• **WHAT TO DO**: Write out every entry exactly as it appears, omitting the pictures.

• **DATA RECORDS**:
============
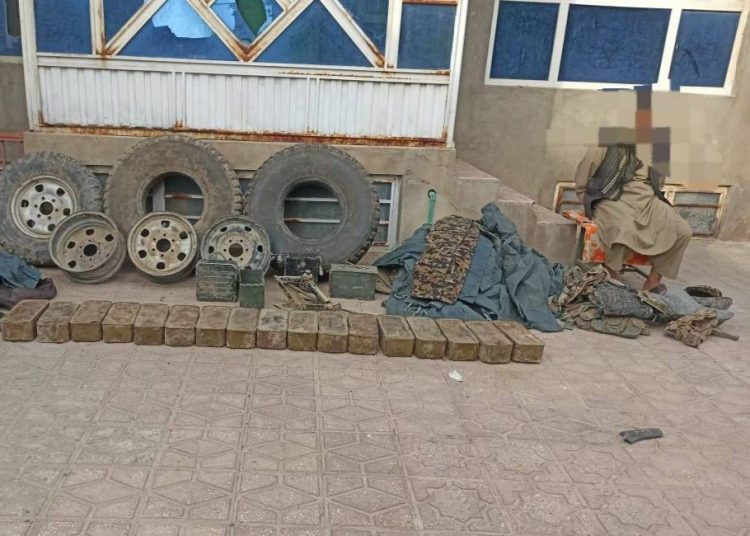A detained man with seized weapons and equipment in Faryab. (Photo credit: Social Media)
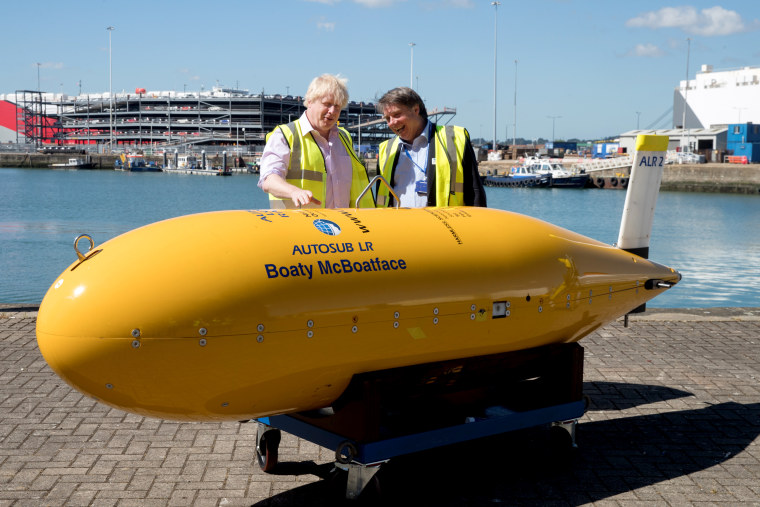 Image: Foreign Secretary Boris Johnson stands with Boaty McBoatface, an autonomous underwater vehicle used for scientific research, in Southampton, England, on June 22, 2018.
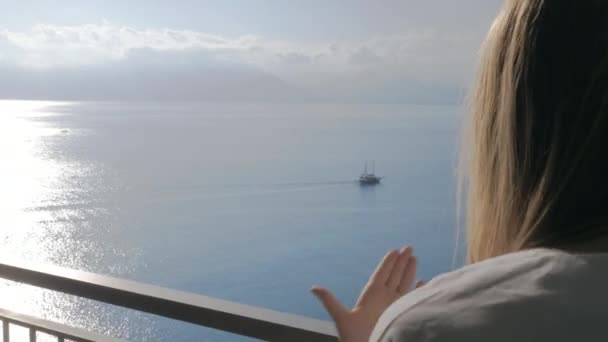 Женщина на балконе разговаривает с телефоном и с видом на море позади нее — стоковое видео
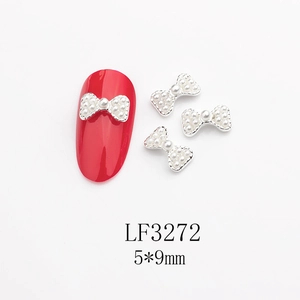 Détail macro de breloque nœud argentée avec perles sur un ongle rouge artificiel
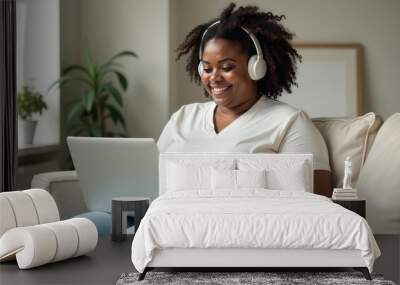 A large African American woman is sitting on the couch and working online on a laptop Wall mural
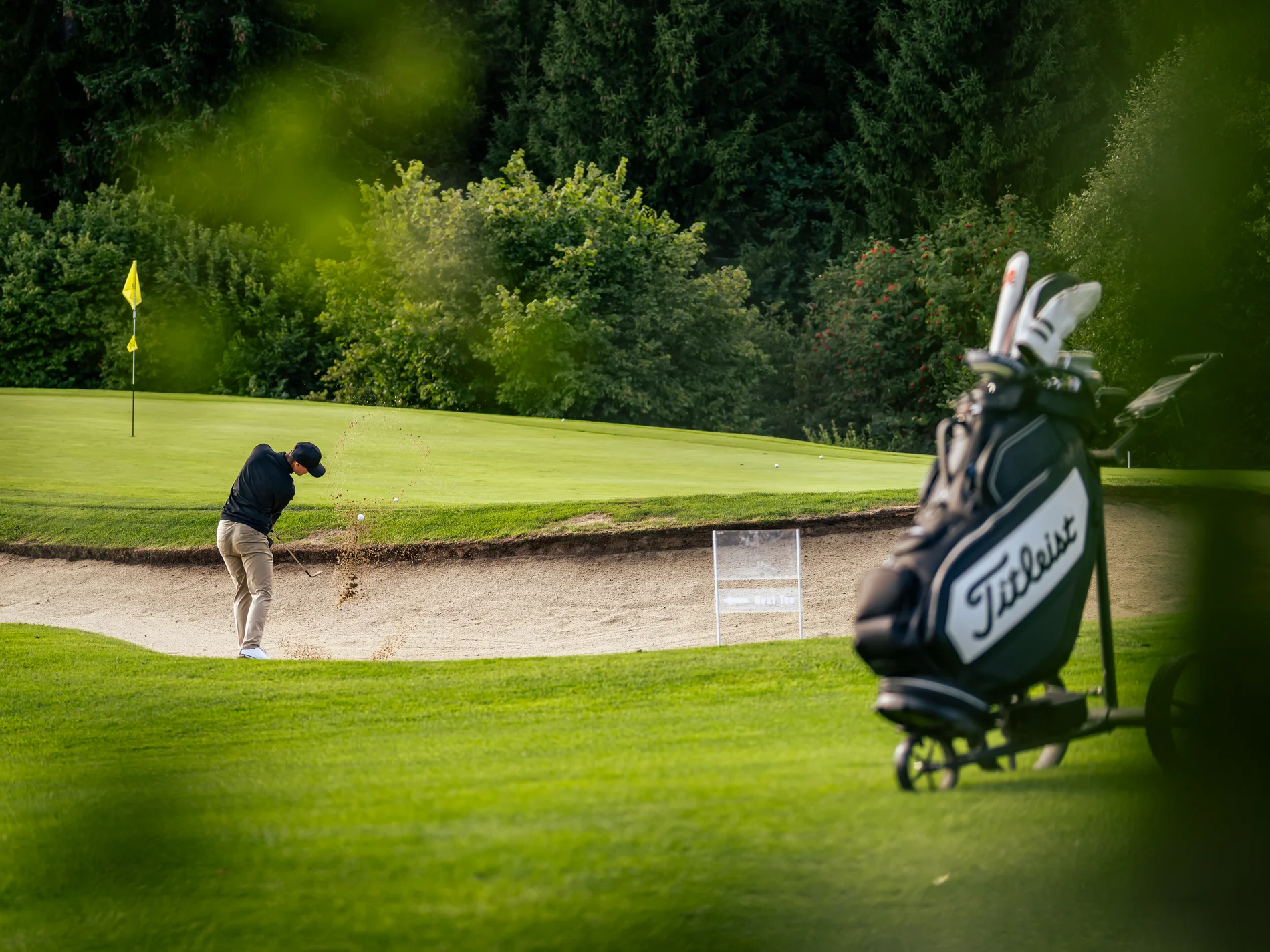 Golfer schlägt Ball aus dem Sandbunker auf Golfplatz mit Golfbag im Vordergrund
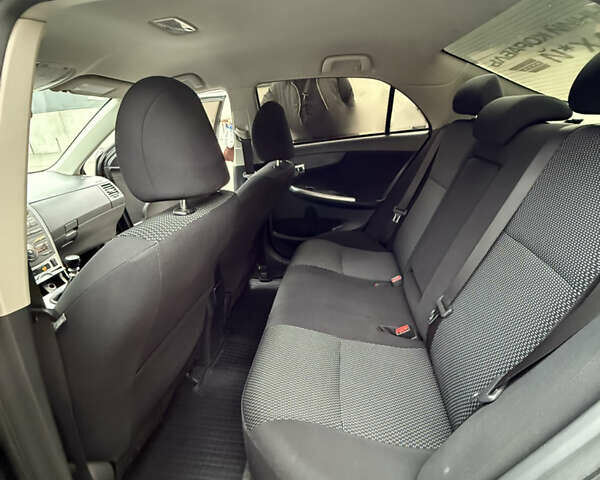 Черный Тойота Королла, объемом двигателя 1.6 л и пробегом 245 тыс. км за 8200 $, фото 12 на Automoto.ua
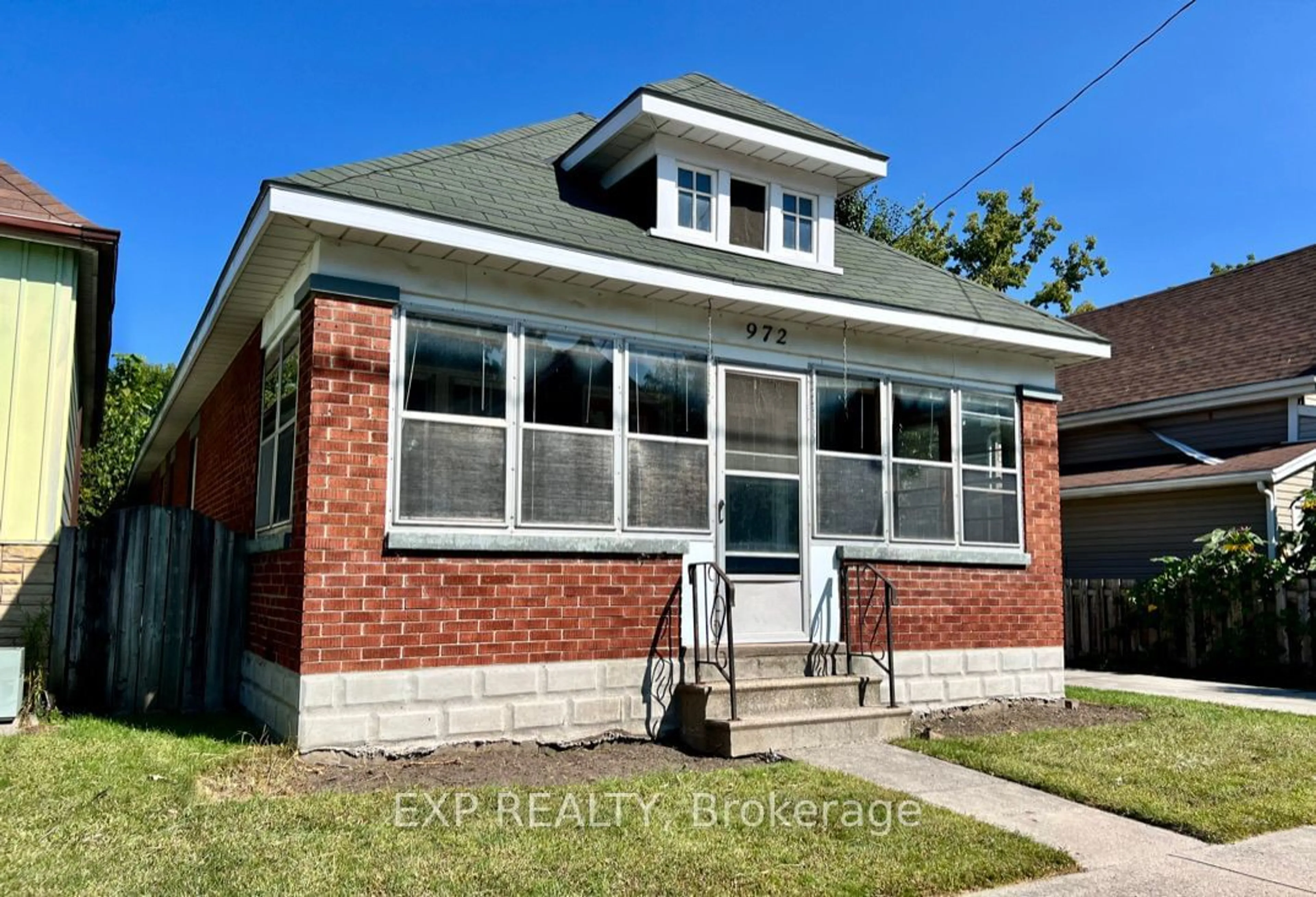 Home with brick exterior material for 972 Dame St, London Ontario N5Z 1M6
============
• **FINAL ANSWER**:
A detained man with seized weapons and equipment in Faryab. (Photo credit: Social Media)
 Image: Foreign Secretary Boris Johnson stands with Boaty McBoatface, an autonomous underwater vehicle used for scientific research, in Southampton, England, on June 22, 2018.
 Женщина на балконе разговаривает с телефоном и с видом на море позади нее — стоковое видео
 Détail macro de breloque nœud argentée avec perles sur un ongle rouge artificiel
 A large African American woman is sitting on the couch and working online on a laptop Wall mural
 Golfer schlägt Ball aus dem Sandbunker auf Golfplatz mit Golfbag im Vordergrund
 Черный Тойота Королла, объемом двигателя 1.6 л и пробегом 245 тыс. км за 8200 $, фото 12 на Automoto.ua
 Home with brick exterior material for 972 Dame St, London Ontario N5Z 1M6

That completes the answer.